La prima puntata ha sancito la netta vittoria di Giannini su Floris, facendo registrare uno share rispettivamente dell’11,76% contro il 3,47%. La netta sproporzione dice che il pubblico televisivo è più affezionato al formato che al conduttore e questa potrebbe non essere una cattiva notizia. In un ideale mondo dell’informazione (ammesso che a questo genere appartengano i talk show di attualità politica) l’appeal di un programma a prescindere da chi lo conduce, sarebbe il segno positivo di una trasmissione ben costruita e capace di prescindere dai personalismi. Ma la realtà televisiva nazionalpopolare viaggia su altri binari e propone un palinsesto sempre più centrato su personaggi e personalizzazioni.
Chi ha fatto zapping durante la diretta delle due trasmissioni, probabilmente di primo acchito si è confuso fra l’una e l’altra in molti momenti.
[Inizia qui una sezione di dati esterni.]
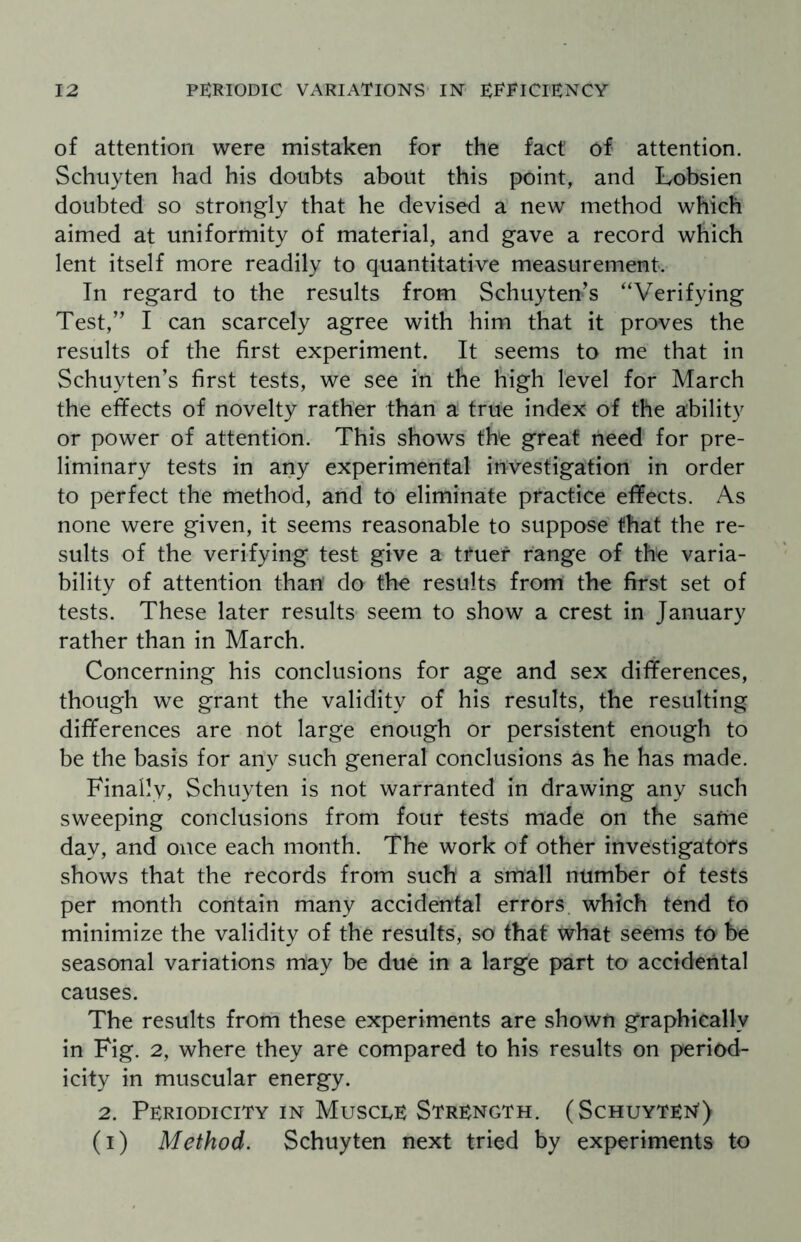 of attention were mistaken for the fact of attention. Schuyten had his doubts about this point, and Lobsien doubted so strongly that he devised a new method which aimed at uniformity of material, and gave a record which lent itself more readily to quantitative measurement. In regard to the results from Schuyten’s “Verifying Test,” I can scarcely agree with him that it proves the results of the first experiment. It seems to me that in Schuyten’s first tests, we see in the high level for March the effects of novelty rather than a true index of the ability or power of attention. This shows the great need for pre¬ liminary tests in any experimental investigation in order to perfect the method, and to eliminate practice effects. As none were given, it seems reasonable to suppose that the re¬ sults of the verifying test give a tfuef range of the varia¬ bility of attention than do the results from the first set of tests. These later results seem to show a crest in January rather than in March. Concerning his conclusions for age and sex differences, though we grant the validity of his results, the resulting differences are not large enough or persistent enough to be the basis for any such general conclusions as he has made. Finally, Schuyten is not warranted in drawing any such sweeping conclusions from four tests made on the safrie day, and once each month. The work of other investigators shows that the records from such a small number of tests per month contain many accidental errors which tend to minimize the validity of the results, so that what seems to be seasonal variations may be due in a large part to accidental causes. The results from these experiments are shown graphically in Fig. 2, where they are compared to his results on period¬ icity in muscular energy. 2. Periodicity in Muscle Strength. (Schuyten1) (i) Method. Schuyten next tried by experiments to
Ambientazioni simili, temi analoghi, formati replicati e intemperanze verbali degli ospiti hanno dato l’impressione di un unico contenitore di parole, sdoppiato su due canali tv paralleli.
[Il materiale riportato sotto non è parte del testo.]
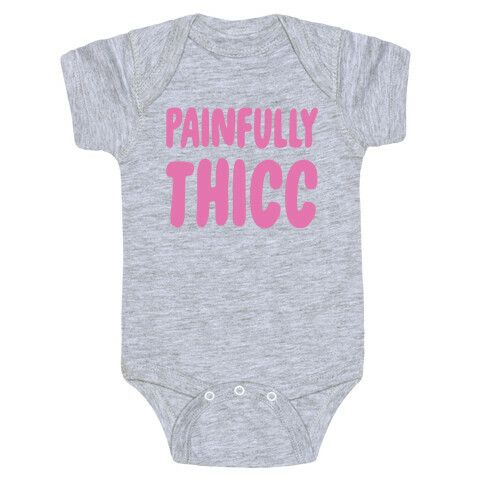 Painfully Thicc Baby One-Piece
È stata clonata perfino l’apertura affidata al siparietto di un comico. Abituati negli ultimi anni a Maurizio Crozza come starter del “Ballarò” di Floris, ci siamo trovati di fronte un Roberto Benigni intervistato da Massimo Giannini, che ha provato a mettere qualche bollicina di ironia all’esordio del giornalista sulla nuova plancia di comando. Crozza, nel frattempo, ha riproposto la sua classica ouverture ironica all’inizio di “DiMartedì”, con le stesse modalità e gli stessi tempi scenici collaudati in tanti anni con Floris, ma dovendo anch’egli rinunciare a quella quantità di pubblico a cui per l’occasione si era abituato.
I rispettivi parterre della prima puntata sono stati predisposti giocando sul sicuro: a “Ballarò” erano ospiti Ferruccio De Bortoli, Maurizio Landini, Renato Brunetta, Graziano Del Rio e un’imprenditrice della grappa della famiglia Nonino. Su La7, Floris ha puntato sul solito Nando Pagnoncelli, sul sempreverde Abete, su Manuela Rapetti, Corrado Passera, Debora Serracchiani e Martinetti, fondatore della catena di gelati Grom. Solite facce – verrebbe da dire – e soprattutto soliti discorsi. Ma tant’è.
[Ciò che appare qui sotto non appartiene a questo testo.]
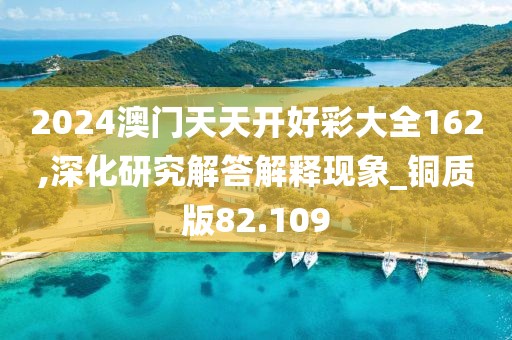 2024澳门天天开好彩大全162,深化研究解答解释现象_铜质版82.109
Evidentemente il pubblico televisivo tricolore ha bisogno di sentirsi rassicurato nelle sue abitudini di “consumo” dell’informazione di taglio politico e ritiene che il salotto di un talk show possa comunque consentirgli di capire meglio cosa succede dentro i palazzi del potere (o intorno a essi). Questo, perlomeno, devono aver pensato gli autori e i conduttori delle due trasmissioni, disposti a protrarre fino a mezzanotte le loro proposte di domande opinioni, filmati e interviste dedicate.
La somma dell’audience attesta un risultato complessivo intorno al 15% non di poco conto rispetto a un’attrattività che – nonostante tutto – il genere sembra mantenere. Ma può essere che alla lunga la curiosità del pubblico verso il nuovo “DiMartedì” e il rinnovato “Ballarò” si esaurisca, indirizzandosi verso qualche proposta un po’ meno scontata.